**Exercise:** Repeat every entry word for word, skipping the pictures.

[Records from a dataset]

-----

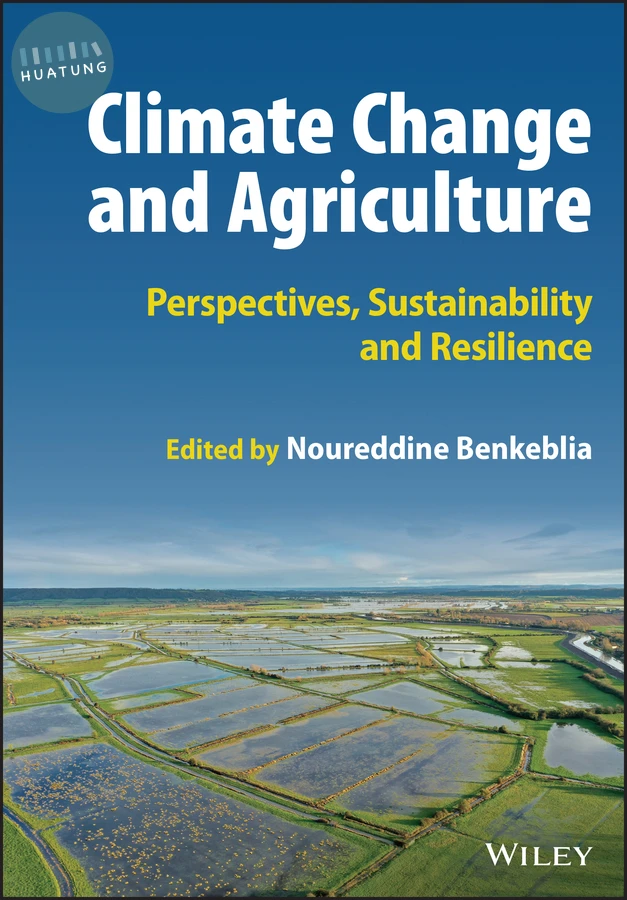 Climate Change and Agriculture 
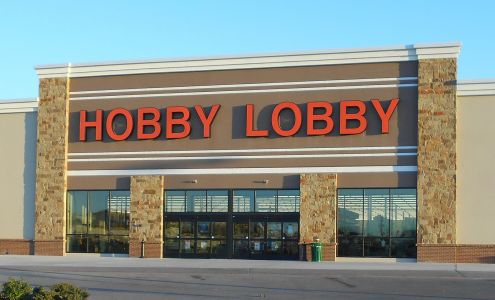Hobby Lobby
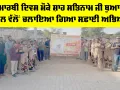 Sirsa News: ਪਰਮਾਰਥੀ ਦਿਵਸ ਮੌਕੇ ਸ਼ਾਹ ਸਤਿਨਾਮ ਜੀ ਬੁਆਇਜ਼ ਸਕੂਲ ਵੱਲੋਂ ਚਲਾਇਆ ਗਿਆ ਸਫ਼ਾਈ ਅਭਿਆਨ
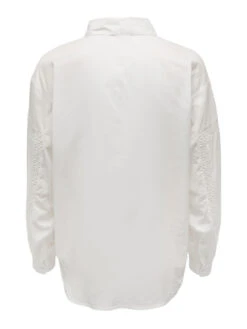 JACQUELINE DE YONG Chemise Smilla 9 JACQUELINE DE YONG Chemise Smilla -Mode Vêtements Magasin 15287289 cloud dancer jacqueline de yong 4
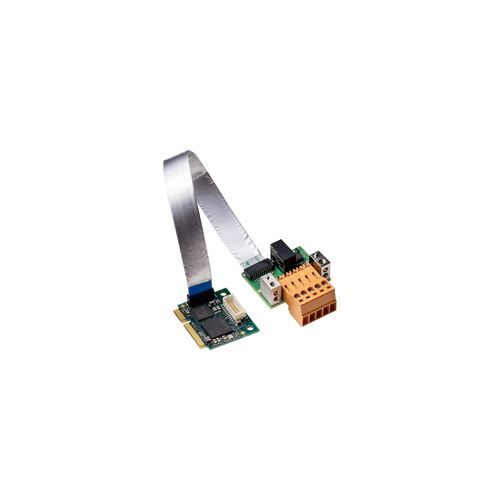 Placa de comunicação PCI Express DMA - CIFX HPCIE90-DNF - Hilscher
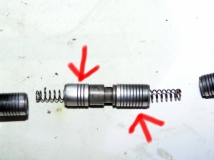 Samochody,CITROEN XANTIA 1.9TD-szukam schematu rozdzielacza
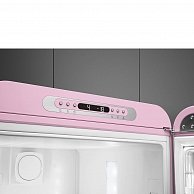 Холодильник-морозильник Smeg FAB32RPK5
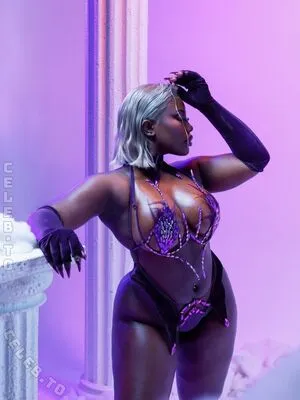 Melaxgoddess OnlyFans Leaked Free Thumbnail Picture - #xWUJClrsve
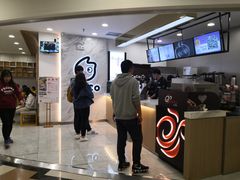 -CoCo都可(健翔桥店)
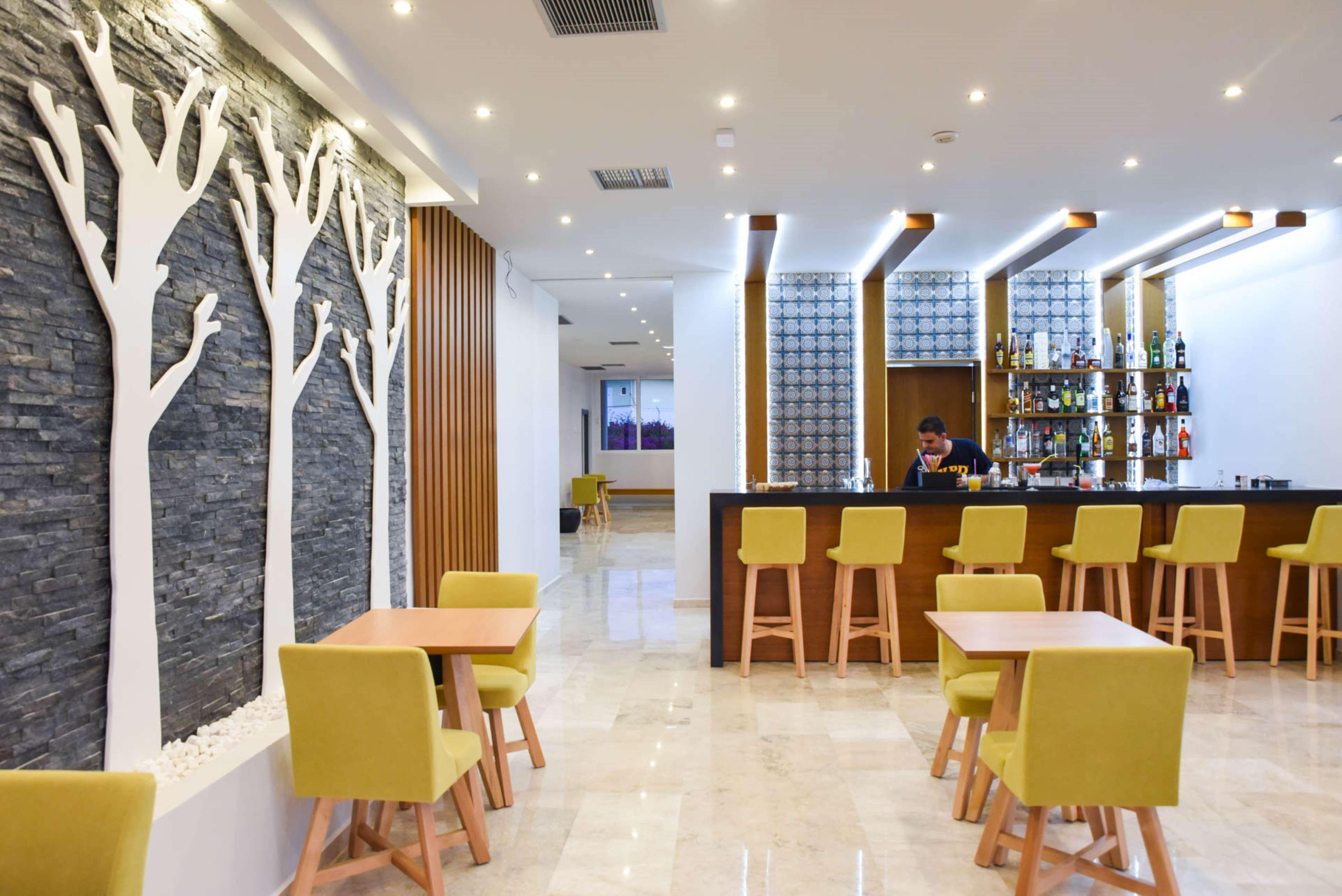 Tsampika Hotel Faliraki Extérieur photo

-----

**Answer box:**
 Climate Change and Agriculture 
Hobby Lobby
 Sirsa News: ਪਰਮਾਰਥੀ ਦਿਵਸ ਮੌਕੇ ਸ਼ਾਹ ਸਤਿਨਾਮ ਜੀ ਬੁਆਇਜ਼ ਸਕੂਲ ਵੱਲੋਂ ਚਲਾਇਆ ਗਿਆ ਸਫ਼ਾਈ ਅਭਿਆਨ
 JACQUELINE DE YONG Chemise Smilla 9 JACQUELINE DE YONG Chemise Smilla -Mode Vêtements Magasin 15287289 cloud dancer jacqueline de yong 4
 Placa de comunicação PCI Express DMA - CIFX HPCIE90-DNF - Hilscher
 Samochody,CITROEN XANTIA 1.9TD-szukam schematu rozdzielacza
 Холодильник-морозильник Smeg FAB32RPK5
 Melaxgoddess OnlyFans Leaked Free Thumbnail Picture - #xWUJClrsve
 -CoCo都可(健翔桥店)
 Tsampika Hotel Faliraki Extérieur photo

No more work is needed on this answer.